> **WORK TO BE COMPLETED**:
In the entries that follow, repeat exactly the lines from the one that has "Yacht Photos Pics" through the one that has "Young brunette woman", but omit pictures.

> **RECORDS PROVIDED**:
*** Begin section ***

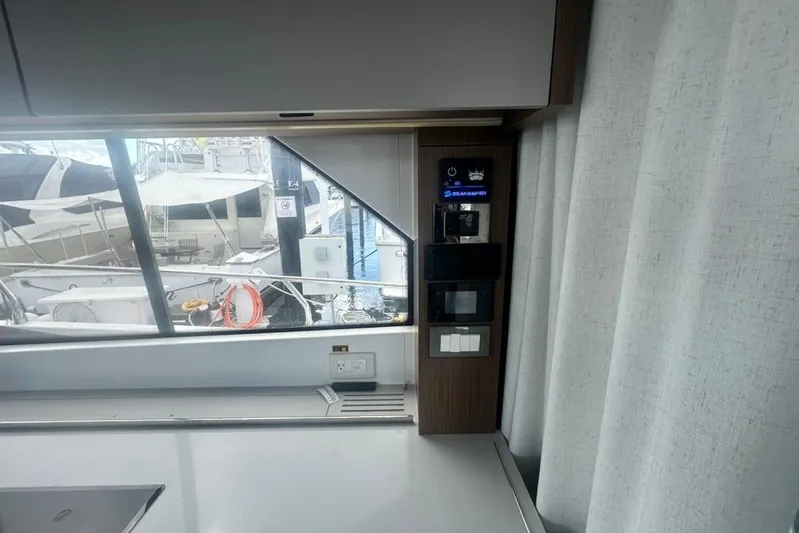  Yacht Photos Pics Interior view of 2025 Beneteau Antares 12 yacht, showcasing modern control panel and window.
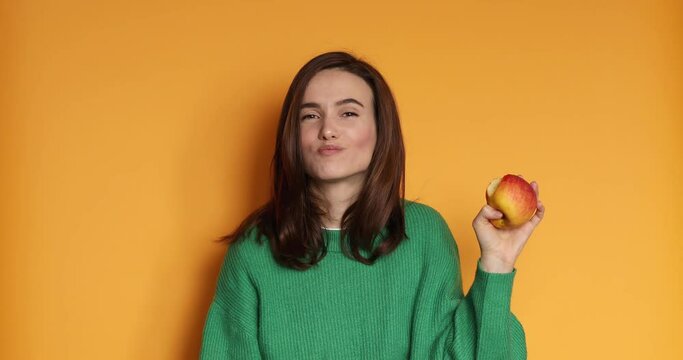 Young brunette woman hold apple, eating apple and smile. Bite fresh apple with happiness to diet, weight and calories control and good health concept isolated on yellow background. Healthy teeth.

*** End section ***
*** Begin section ***

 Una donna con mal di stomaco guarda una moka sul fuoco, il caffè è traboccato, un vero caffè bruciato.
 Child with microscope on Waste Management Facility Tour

*** End section ***

> **SOLUTION**:
  Yacht Photos Pics Interior view of 2025 Beneteau Antares 12 yacht, showcasing modern control panel and window.
 Young brunette woman hold apple, eating apple and smile. Bite fresh apple with happiness to diet, weight and calories control and good health concept isolated on yellow background. Healthy teeth.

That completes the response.